Post by VietKiem on Fri Jul 31, 2009 10:31 am

Southern Praying Mantis (南派螳螂) is a Chinese martial art native to the Hakka (客家) communities of Southern China. Despite having the name “Praying mantis”, this style is completely unrelated to the Northern Praying Mantis style. In terms of history and techniques, the Southern Praying Mantis is more closely associated with fellow Hakka styles such as the Dragon (龍形拳) or Bak Mei (白眉拳) and more distantly to the Fujian family of styles that includes Fujian White Crane (白鶴拳), Five Ancestors (五祖拳), and Wing Chun (詠春). There are four main branches of Southern Praying Mantis being practised worldwide.

Southern Praying Mantis is a close range fighting system that places much emphasis on short power and has aspects of both internal and external techniques.
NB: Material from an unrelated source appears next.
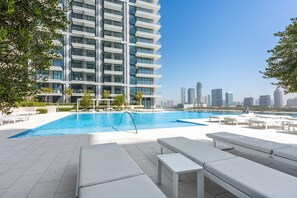 Ein Pool auf dem Dach mit Liegestühlen und Blick auf ein Hochhaus.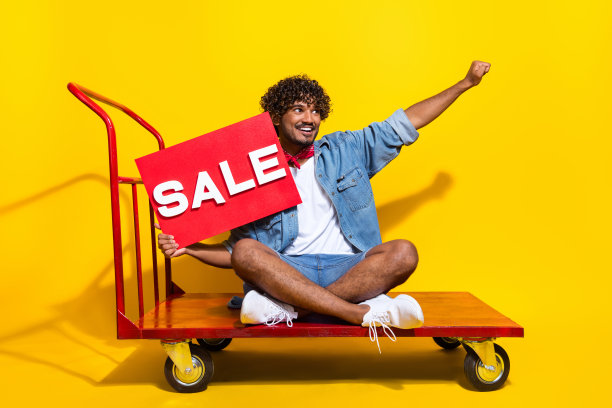 漂亮的年轻男性出货推车的全尺寸照片持有销售盘穿着时尚的牛仔服装红色围巾孤立的黄色背景图片下载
In application, the emphasis is on hand and arm techniques and limited use of low kicks.

The four main branches of Southern Praying Mantis are:

1. Chow Gar (周家; Chow family)
2. Chu Gar (朱家; Chu family)
3. Kwong Sai Jook Lum (江西竹林; JiangXi ZhuLin; Bamboo Forest)
4. Iron Ox (鐵牛)

A common antecedent can be surmised from the same traditional region of origin, the popularity amongst the Hakka community, a reference to praying mantis, similar training forms such as Sarm Bo Jin (三步箭) and common application principles. However, despite those similarities, the genealogies of these branches are not complete enough to trace them to a single common ancestor. The relationship between Chow Gar and Chu Gar can both be traced directly to Lau Shui. The origins of Kwong Sai Jook Lum system is controversial with some Chu Gar proponents claiming a relationship also to Lau Shui; however, those claims have since been refuted. The Iron Ox system can be traced historically to the area of Southern China where the other branches of Southern Praying Mantis first originated and to the same Hakka communities where the art was transmitted. There are many other Southern styles such as Chuka Shaolin that uses similar technique but are not identified as being part of this group of martial arts according to their respective schools. Those styles can be identified as being Hakka Kuen.

Hakka Kuen
Kwong Sai Jook Lum tradition mentions that the people of Pearl River Delta once referred to the Southern Praying Mantis style as "Hakka Kuen" (客家拳), a term that was initially linked to the Southern martial arts practised by the Hakka community of inland eastern Guangdong and later applied to the skills that are practised by oversea Hakka communities. The reason for this was the close association of this style with the Hakka community.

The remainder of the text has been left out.